Adversary-resilient Distributed and Decentralized Statistical Inference and Machine Learning: An Overview of Recent Advances Under the Byzantine Threat Model

TL;DR

This paper reviews recent advances in making distributed and decentralized statistical inference and machine learning robust against Byzantine adversarial attacks, highlighting new algorithms and theoretical guarantees.

Contribution

It provides a comprehensive overview of recent methods and theoretical results addressing Byzantine robustness in distributed and decentralized learning.

Findings

Multiple algorithms with robustness guarantees against Byzantine attacks

Recent theoretical bounds on adversarial resilience

Emerging trends in secure distributed inference

Abstract

While the last few decades have witnessed a huge body of work devoted to inference and learning in distributed and decentralized setups, much of this work assumes a non-adversarial setting in which individual nodes---apart from occasional statistical failures---operate as intended within the algorithmic framework.

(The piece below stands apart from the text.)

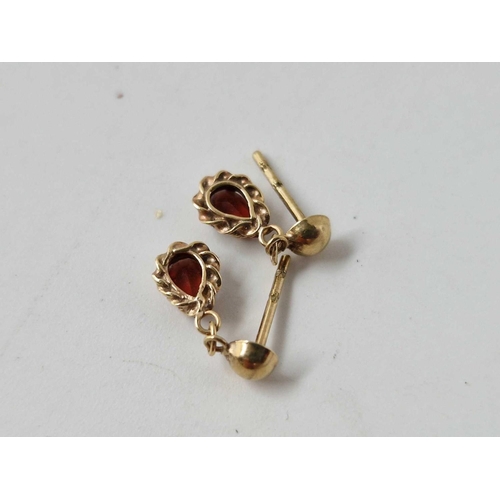 595 - A pair of red stone drop earrings, 9ct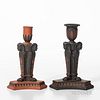 Two Similar Wedgwood Egyptian Candlesticks, England, early 19th century, a rosso antico with black basalt relief and a black basalt with rosso antico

In recent years, however, cybersecurity threats from malicious non-state actors and rogue entities have forced practitioners and researchers to rethink the robustness of distributed and decentralized algorithms against adversarial attacks. As a result, we now have a plethora of algorithmic approaches that guarantee robustness of distributed and/or decentralized inference and learning under different adversarial threat models. Driven in part by the world's growing appetite for data-driven decision making, however, securing of distributed/decentralized frameworks for inference and learning against adversarial threats remains a rapidly evolving research area. In this article, we provide an overview of some of the most recent developments in this area under the threat model of Byzantine attacks.